Three architectural invariants protect this claim. All three are CI-tested and would break the build if violated.

In the blessed Docker deployment, key reconstruction runs in a separate sidecar process under its own Unix user — the proxy process cannot read the Fernet key or the reconstructed key, even if an attacker gains code execution inside it. Bare-metal single-process installs do not have this boundary yet; see Process isolation. The Python PoC has known memory-safety limitations — documented below with a concrete Rust hardening path.

This is not a compliance certification. Worthless has not been audited or certified under SOC 2, FIPS, ISO 27001, or any other framework.

┌─────────────────────────────────────────────────────────────────┐
│ CLIENT BOUNDARY │
│ │
│ Developer machine / CI agent │
│ │
│ ┌──────────┐ api_key ┌──────────────┐ │
│ │ .env │──────────────>│ split_key() │ │
│ │ file │ │ (CLI only) │ │
│ └──────────┘ └──────┬───────┘ │
│ │ │
│ ┌─────────┴─────────┐ │
│ │ │ │
│ Shard A (kept) Shard B + commitment │
│ stored locally + nonce (sent once) │
│ │ │
├──────────────────────────────────────────────┼──────────────────┤
│ NETWORK BOUNDARY │ │
│ │ │
│ Enrollment: Shard B + commitment + nonce ───┘ │
│ Request: Authorization / x-api-key header (Shard A) │
│ │
│ *** Full API key NEVER crosses this boundary *** │
│ *** Reconstructed key NEVER crosses this boundary *** │
│ │
├─────────────────────────────────────────────────────────────────┤
│ PROXY BOUNDARY │
│ │
│ ┌───────────────┐ deny (402/429) ┌─────────────────────┐ │
│ │ Rules Engine │───────────────────>│ Client gets error │ │
│ │ (spend cap, │ │ Key never forms │ │
│ │ rate limit, │ └─────────────────────┘ │
│ │ allowlist) │ │
│ └───────┬───────┘ │
│ │ allow │
│ v │
├─────────────────────────────────────────────────────────────────┤
│ RECONSTRUCTION BOUNDARY │
│ │
│ ┌──────────────────┐ ┌─────────────────┐ ┌───────────────┐ │
│ │ Fernet decrypt │─>│ reconstruct_key │─>│ secure_key() │ │
│ │ (Shard B) │ │ (modular + HMAC)│ │ context mgr │ │
│ └──────────────────┘ └─────────────────┘ └───────┬───────┘ │
│ │ │
│ ┌────────────────────────────────────────┘ │
│ │ key_buf (bytearray, zeroed on exit) │
│ v │
│ ┌─────────────────┐ ┌──────────────────────────────┐ │
│ │ Upstream call │────────>│ LLM Provider (OpenAI, etc.) │ │
│ │ (httpx) │ └──────────────────────────────┘ │
│ └─────────────────┘ │
│ │
│ *** Reconstructed key NEVER returns to proxy layer *** │
│ *** Reconstructed key NEVER sent in response *** │
│ *** key_buf zeroed immediately after dispatch *** │
│ │
└─────────────────────────────────────────────────────────────────┘

Claim. split_key runs exclusively on the client. The server never receives the full API key or Shard A. The server receives only Shard B, commitment, and nonce at enrollment time.

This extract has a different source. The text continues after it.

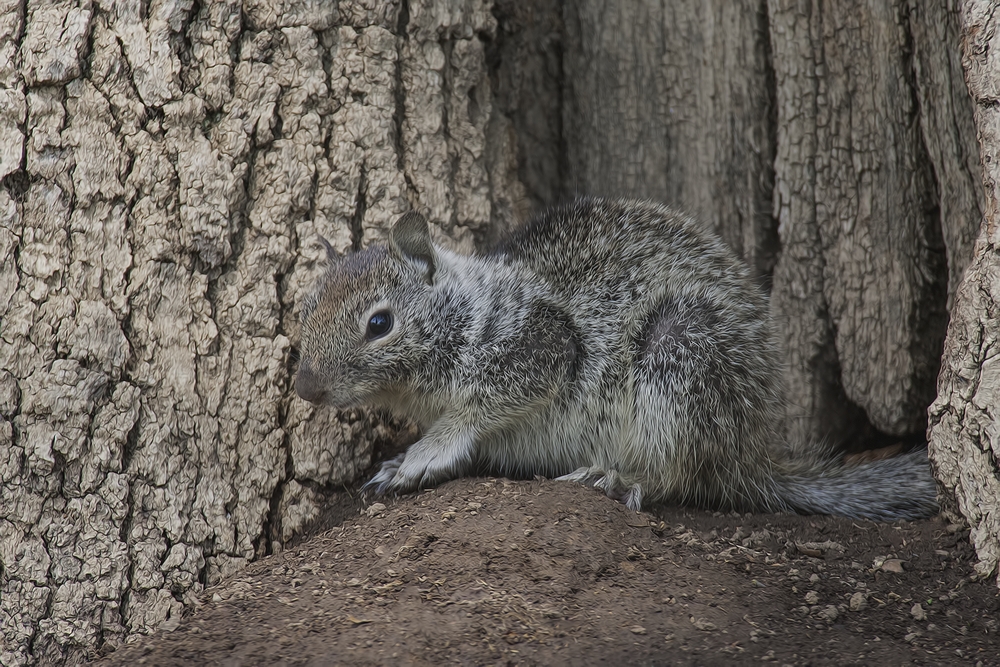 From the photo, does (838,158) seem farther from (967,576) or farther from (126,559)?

Code. src/worthless/crypto/splitter.py exposes split_key. Server-side directories are determined by exclusion from a client allowlist ({"cli", "crypto"}) — new packages land in the server bucket by default.

Tests. tests/test_invariants.py:

  • TestSplitKeyNeverServerSide::test_ast_no_split_key_import — AST scan of every server-side file
  • test_grep_no_split_key_string — catches dynamic imports (getattr, importlib)
  • test_no_star_import_in_server_modules — blocks from worthless.crypto import *
  • test_server_files_found / test_client_dirs_exist — guards against vacuously-true tests

Limitations. Dynamic imports built from concatenated strings (getattr(mod, 'split' + '_key')) are not caught. Test-time enforcement only — a developer modifying the test suite would be caught in PR review, not by CI.

Invariant 2 — Gate before reconstruction

Section titled “Invariant 2 — Gate before reconstruction”

Claim. The rules engine (spend cap, rate limit, model allowlist) evaluates every request before XOR reconstruction runs. A denied request results in zero KMS calls, zero Fernet decryption, and zero key material touched.

Code. src/worthless/proxy/app.pyrules_engine.evaluate runs, early-returns a Response(...) on denial, and only then calls repo.decrypt_shard. The repository exposes a two-step API: fetch_encrypted() returns an EncryptedShard (ciphertext only), then decrypt_shard() converts it to a StoredShard.

Tests. tests/test_security_properties.py::TestGateBeforeDecrypt:

  • test_evaluate_precedes_decrypt_in_proxy_handler — static analysis: evaluate appears before decrypt_shard in the handler source
  • test_fetch_encrypted_returns_encrypted_typeEncryptedShard exposes ciphertext, not plaintext
  • test_fetch_encrypted_source_has_no_decrypt_calls — AST scan confirms no decrypt method is called
  • test_gate_deny_prevents_decrypt (Hypothesis-powered) — denial return precedes decrypt call

Limitations. In-process — no hardware boundary between gate and reconstruction. Source ordering is a heuristic: textual position, not control flow graph.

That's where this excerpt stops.